### Information provided
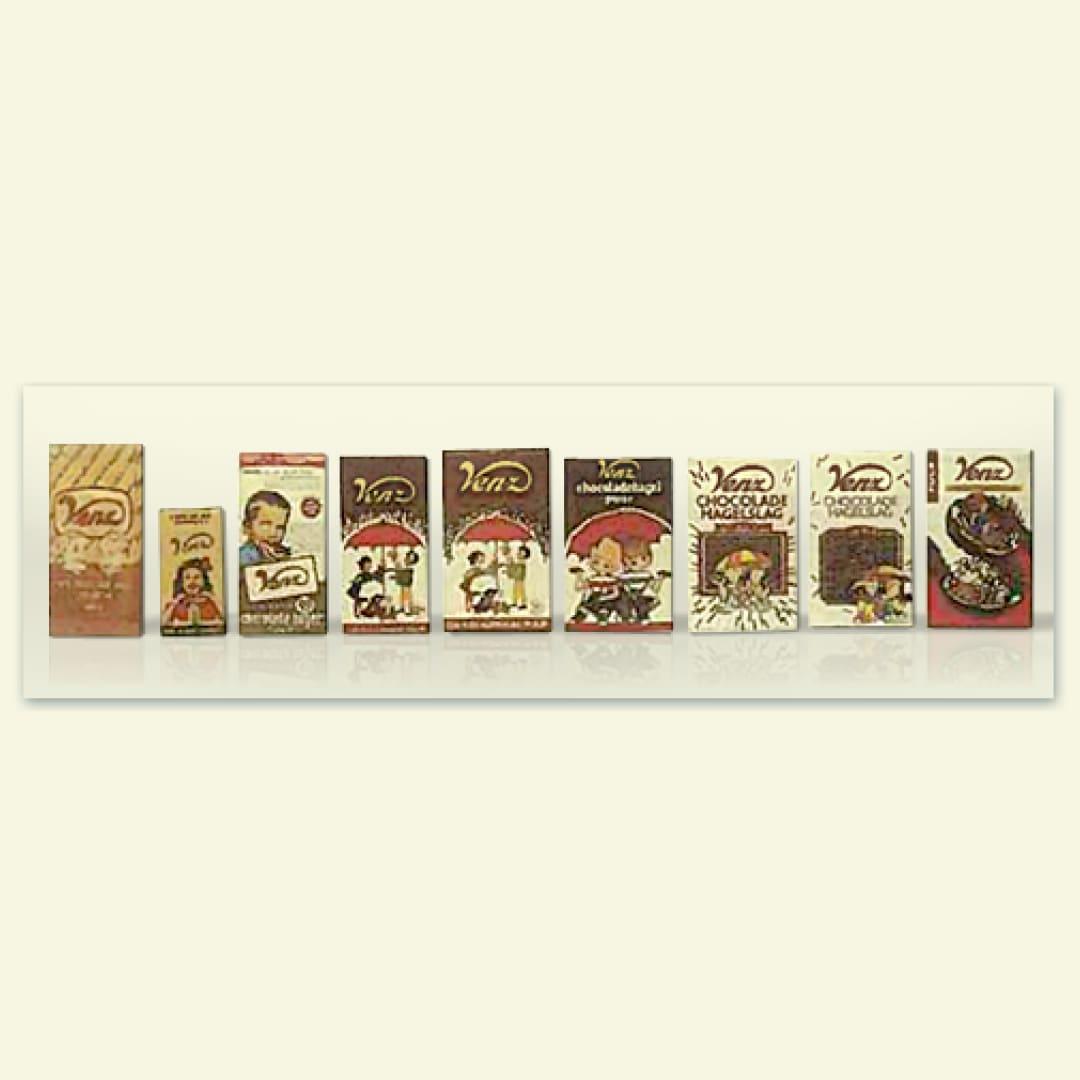 Diverse vintage Venz chocoladehagel dozen.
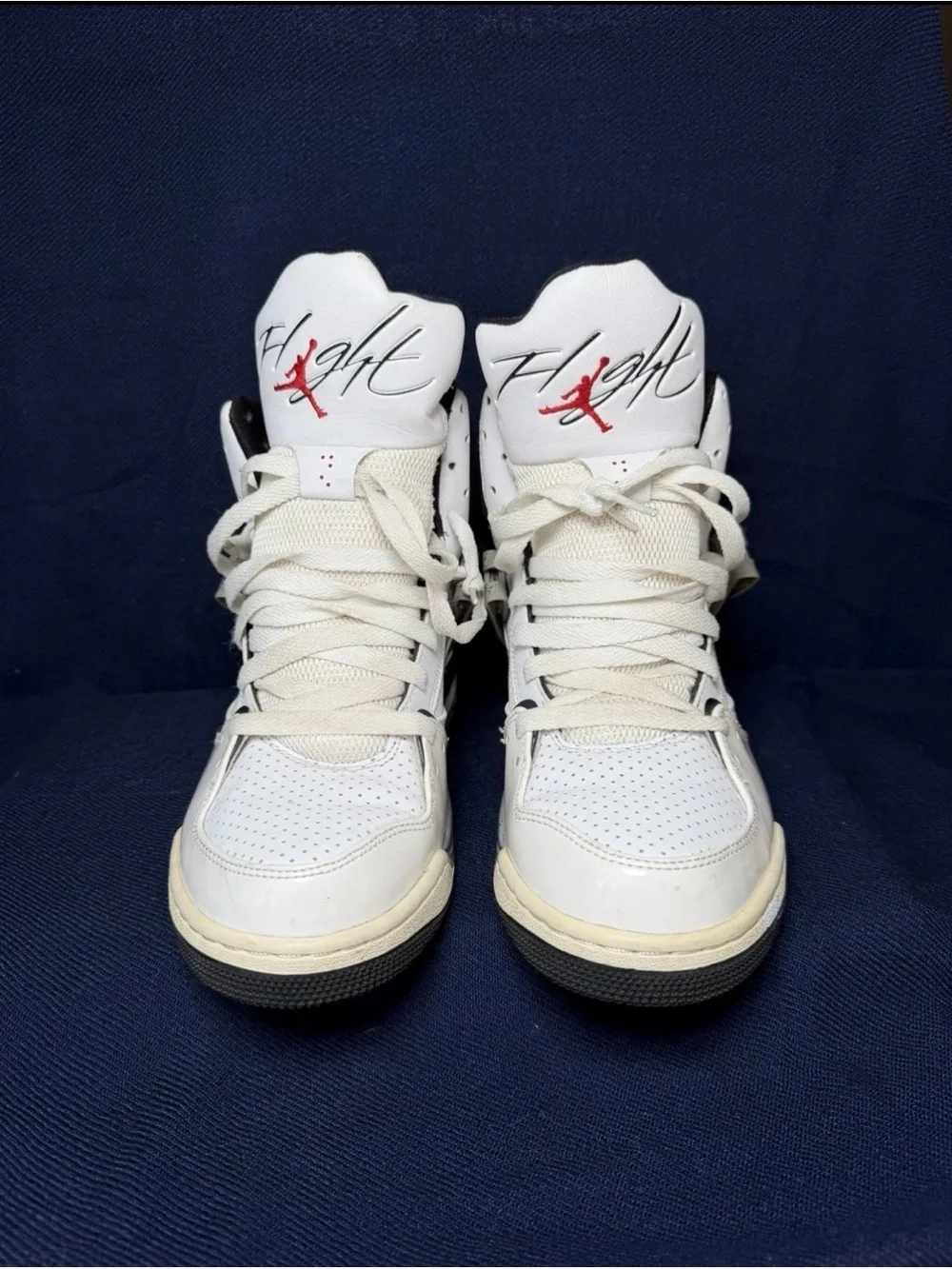 Jordan White and Black High-Top Basketball Sneakers with Gray Accents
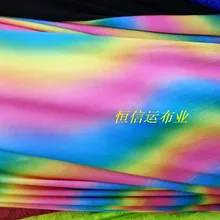 Цвет ful печати градиент спандекс ткань для сцены костюмы Ткань этнические костюмы Ткань лайкра танцев Strech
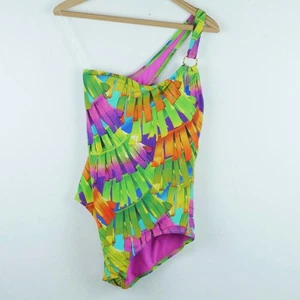 Trina Turk Size 12 One Piece Swimsuit Polynesian Palms One Shoulder Tropical NWT - Picture 1 of 8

### Directions for this task
Write the data out again exactly, but without its images.

### Problem solution
 Diverse vintage Venz chocoladehagel dozen.
 Jordan White and Black High-Top Basketball Sneakers with Gray Accents
 Цвет ful печати градиент спандекс ткань для сцены костюмы Ткань этнические костюмы Ткань лайкра танцев Strech
 Trina Turk Size 12 One Piece Swimsuit Polynesian Palms One Shoulder Tropical NWT - Picture 1 of 8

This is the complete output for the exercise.